The Unicoi County Public Library was presented with a Training Opportunities for the Public grant by Tennessee Secretary of State Tre Hargett and state Sen. Steve Southerland last month.
The $4,898 grant will be used to buy solar charging stations, Wi-Fi hotspots and to pay for instructors to provide training for library visitors.
“I am proud of the Unicoi County Public Library for receiving this important grant that will invest in new technologies for our citizens and ensure the library can continue to serve our communities,” Southerland said. “I appreciate the work of Secretary Hargett for administering these grants and commend local officials for their efforts to secure these funds.”

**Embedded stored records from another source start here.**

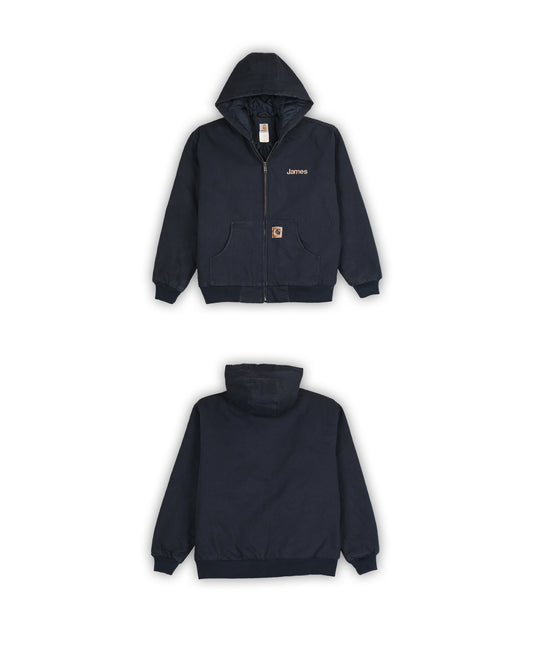 REWORKED CARHARTT JACKET - XL
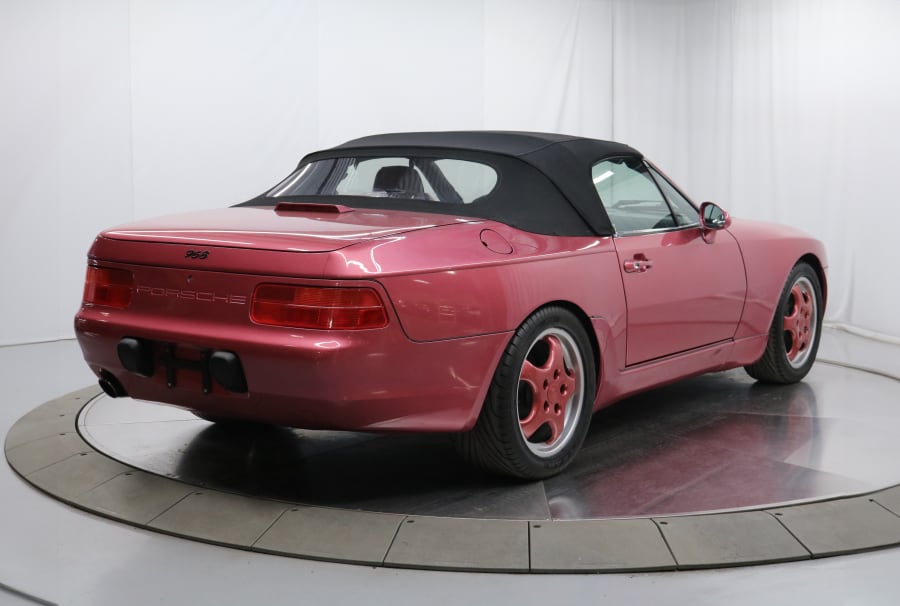Mo. Minichap 1/43 Porsche 911 4S Cabriolet 2003 Red 968 Cs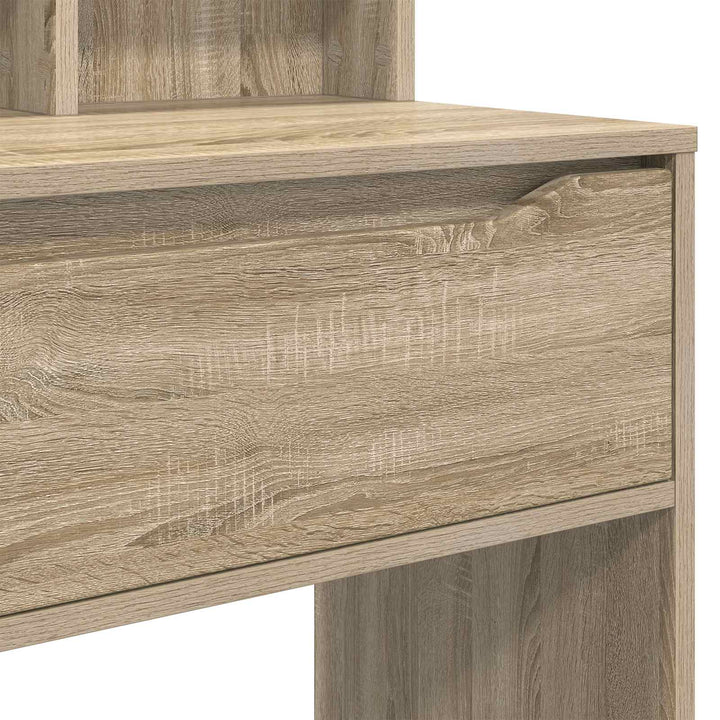 Soveværelsessminkeborde Sonoma eg 80 x 39,6 x 135 cm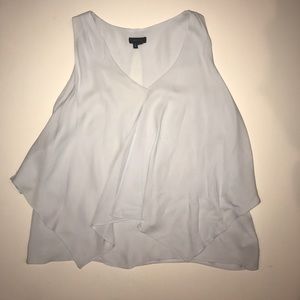 Theory Light Blue Tank (silk)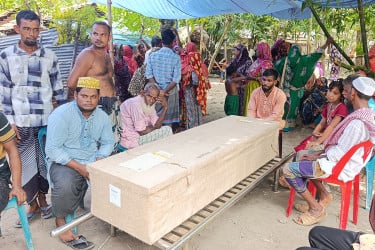 লেবাননে নিহত দুই প্রবাসীর মরদেহ সাতক্ষীরায়, শোকে স্তব্ধ স্বজনরা
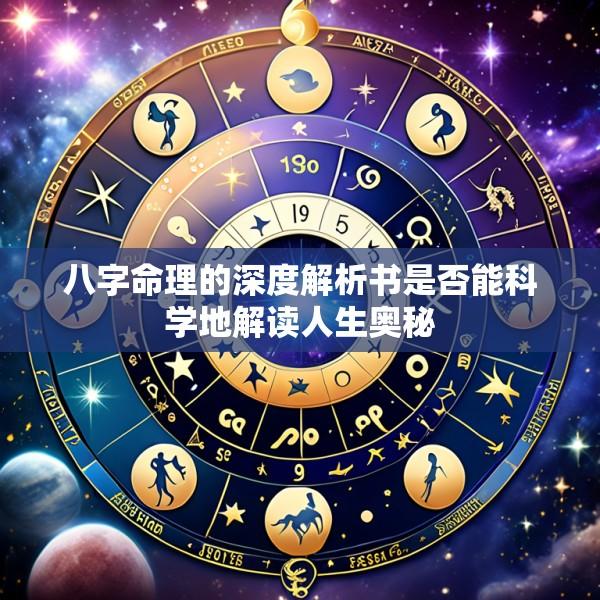 八字命理的深度解析书是否能科学地解读人生奥秘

TOP Grants are available for public libraries to provide digital literacy training to the public. The grant will fund Wi-Fi hot spots and solar charging stations, while increasing internet access at the library and funding the Digital Navigators pilot project.
“A circulating hot spot is a device that can be checked out from the library that will enable you to connect to the internet in any location. This is especially important for folks that have limited connectivity in their home or have inconsistent internet service,” explained UCPL Director Suzy Bomgardner.
“In our mountainous region, this is especially important,” she added.
Bomgardner said the grant will pay for the data service until the end of June.
“A solar-powered charging bench is something we are very excited about, as it promotes sustainable energy and will allow our patrons a place to charge their devices, even after library hours,” she said. “We hope to have this grace our front entrance soon and serve our community in perpetuity.”
Bomgardner added that support for the library from local and state officials is important.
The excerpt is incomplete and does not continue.